Start of Block

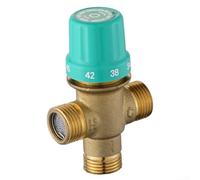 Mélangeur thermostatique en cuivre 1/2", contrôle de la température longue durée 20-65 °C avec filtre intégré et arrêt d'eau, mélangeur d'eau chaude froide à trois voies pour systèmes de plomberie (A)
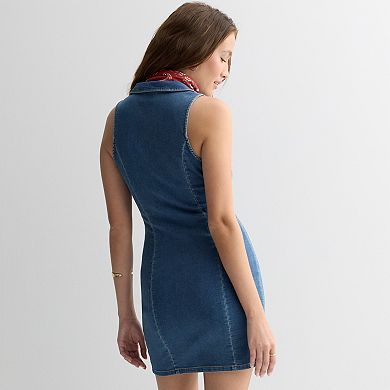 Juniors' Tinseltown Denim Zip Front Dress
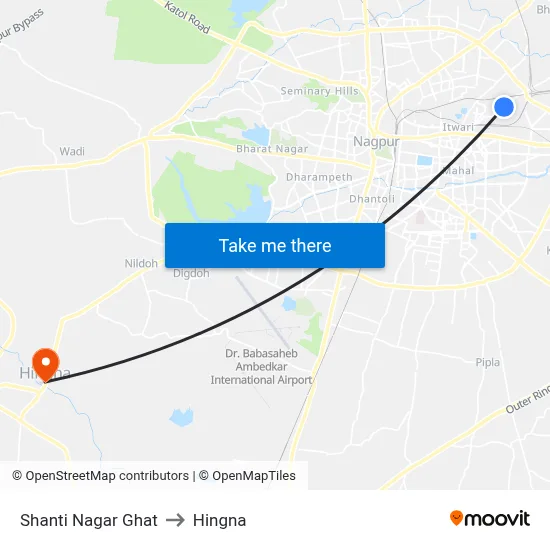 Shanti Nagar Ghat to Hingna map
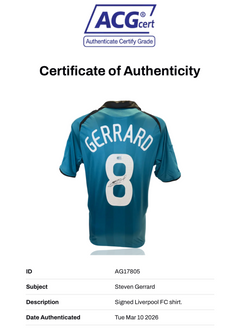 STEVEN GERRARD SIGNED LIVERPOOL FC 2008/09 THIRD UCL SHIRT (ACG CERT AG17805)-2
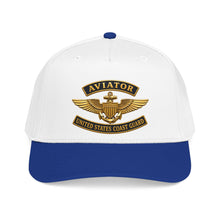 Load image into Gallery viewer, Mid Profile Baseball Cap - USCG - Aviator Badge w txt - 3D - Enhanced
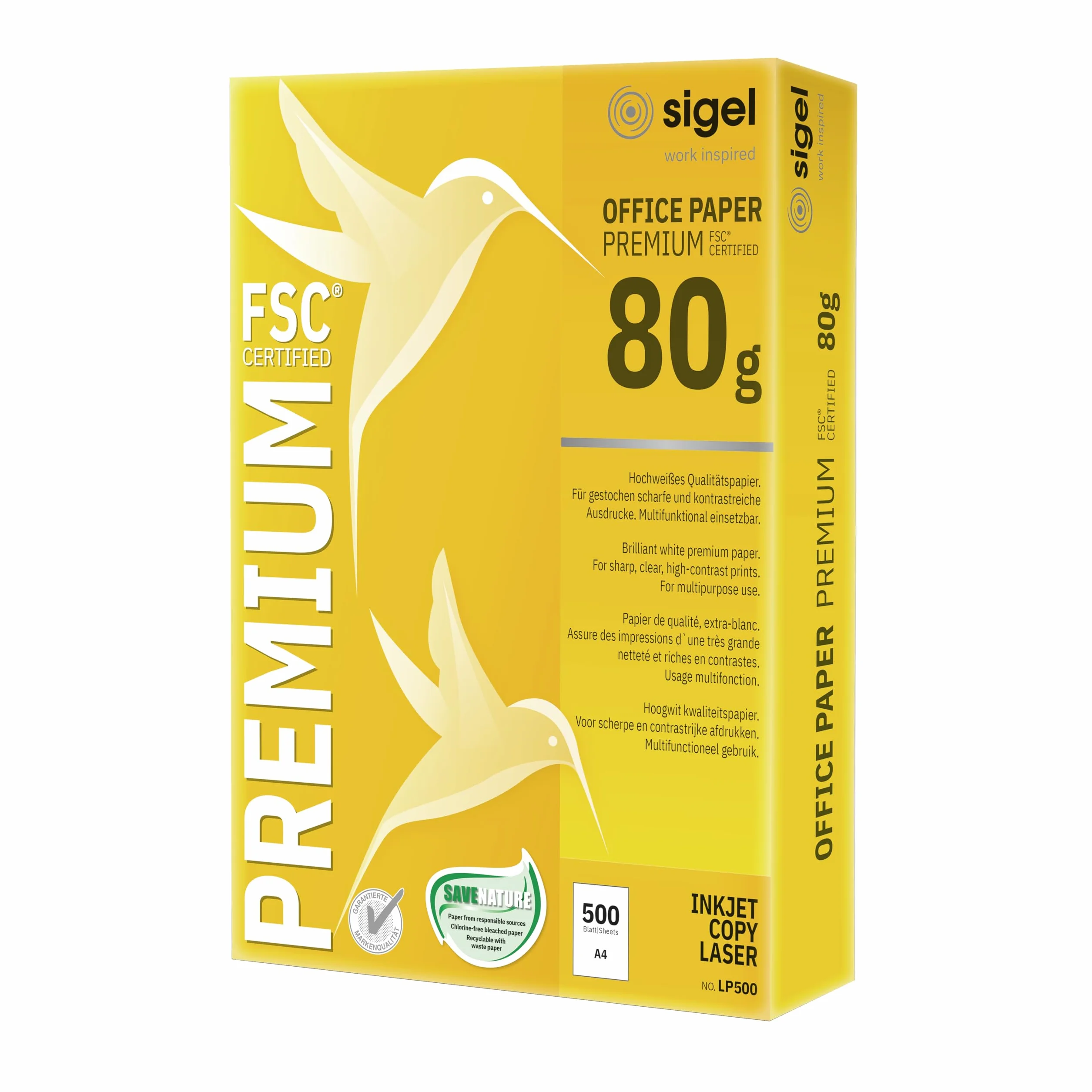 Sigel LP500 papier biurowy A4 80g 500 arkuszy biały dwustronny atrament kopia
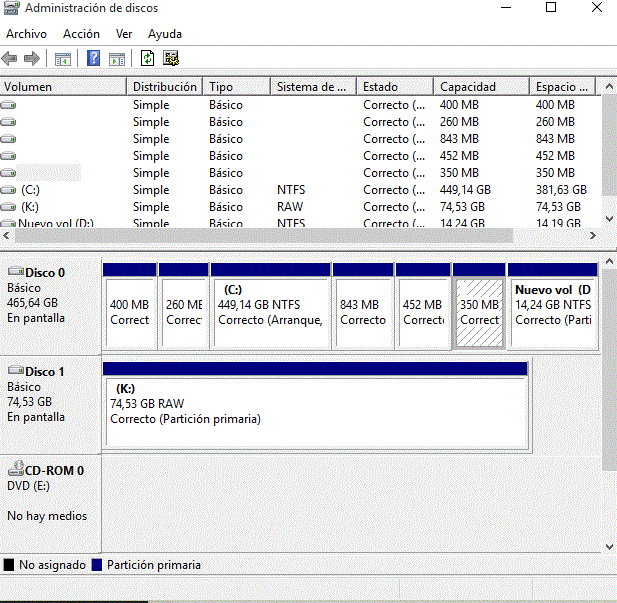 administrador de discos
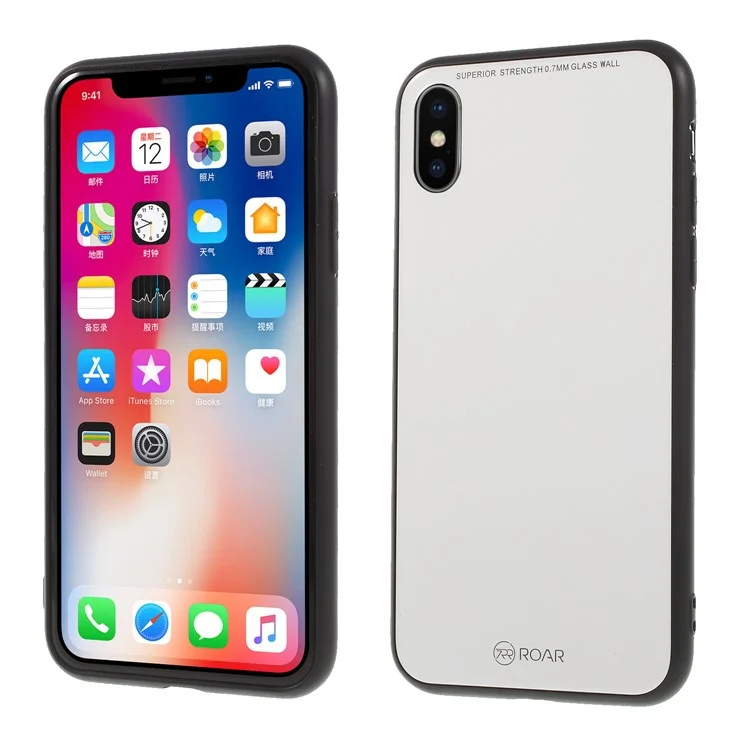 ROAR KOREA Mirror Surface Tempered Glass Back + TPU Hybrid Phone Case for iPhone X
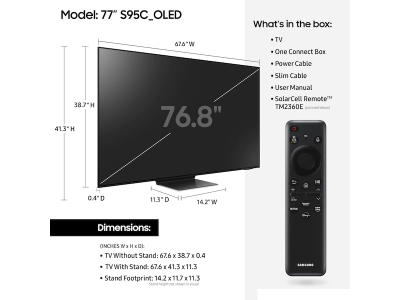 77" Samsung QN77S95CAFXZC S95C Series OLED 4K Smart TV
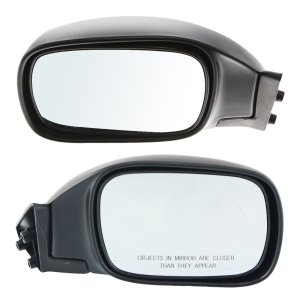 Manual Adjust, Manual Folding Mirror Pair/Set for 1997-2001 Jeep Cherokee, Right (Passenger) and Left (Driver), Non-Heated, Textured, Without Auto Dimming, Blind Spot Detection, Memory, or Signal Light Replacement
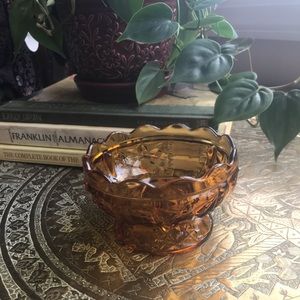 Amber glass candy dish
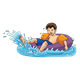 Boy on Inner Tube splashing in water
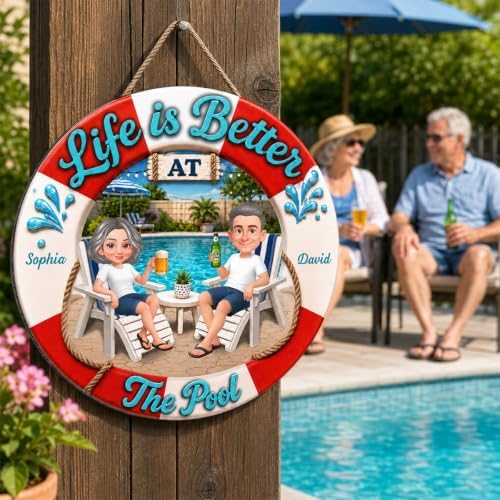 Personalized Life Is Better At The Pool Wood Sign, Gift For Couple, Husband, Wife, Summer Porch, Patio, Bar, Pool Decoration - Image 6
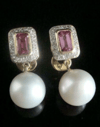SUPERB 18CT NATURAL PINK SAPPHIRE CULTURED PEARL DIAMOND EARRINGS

End of Block

§ **Task goal**: Print the line above containing "Manual Adjust, Manual", the line containing "Boy on Inner Tube splashing in water", and everything between them, exactly as written. Pictures stay out.

§ **Answer area**:
 Manual Adjust, Manual Folding Mirror Pair/Set for 1997-2001 Jeep Cherokee, Right (Passenger) and Left (Driver), Non-Heated, Textured, Without Auto Dimming, Blind Spot Detection, Memory, or Signal Light Replacement
 Amber glass candy dish
 Boy on Inner Tube splashing in water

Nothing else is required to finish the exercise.